Collected material below:
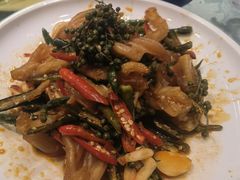 -荣晨私房菜(风尚米兰店)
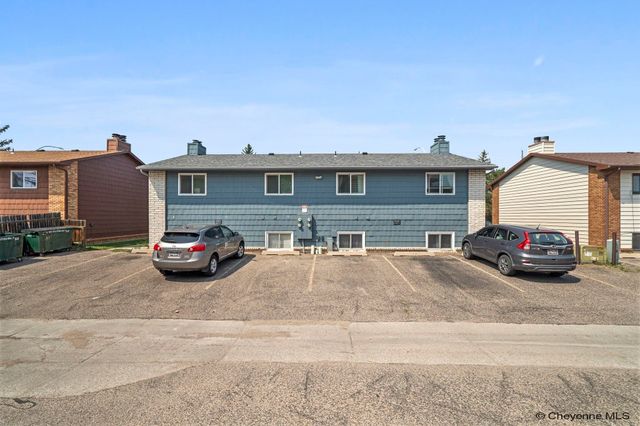 305 Western Hills Blvd Apt B, Cheyenne, WY 82009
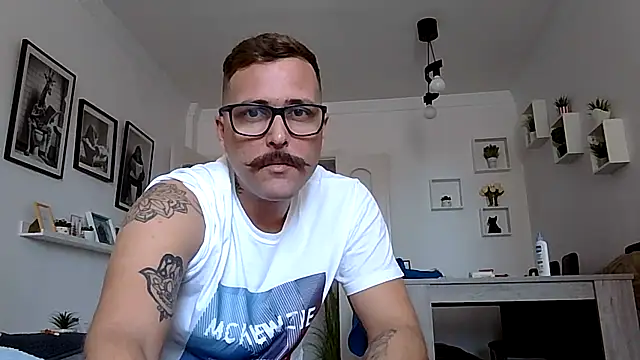 yanick931 online show from April 2026 10:43:02 AM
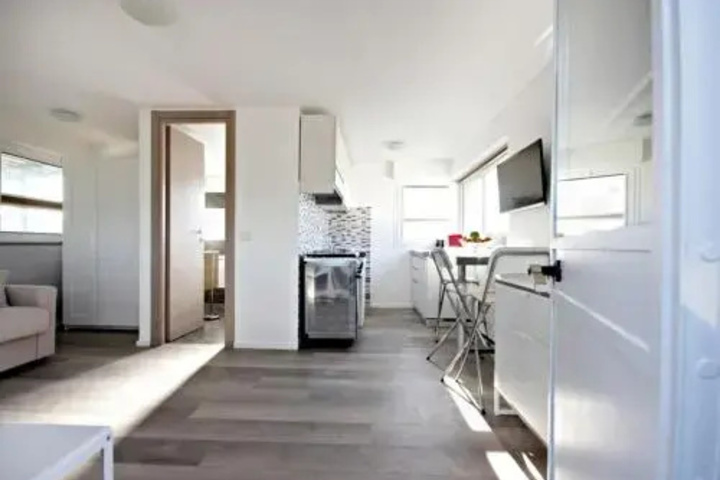 Room 5 of 11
End of Collected material.
:: Problem requirements ::
Every line of the listing is to be retyped exactly; pictures stay out.

:: Your solution ::
 -荣晨私房菜(风尚米兰店)
 305 Western Hills Blvd Apt B, Cheyenne, WY 82009
 yanick931 online show from April 2026 10:43:02 AM
 Room 5 of 11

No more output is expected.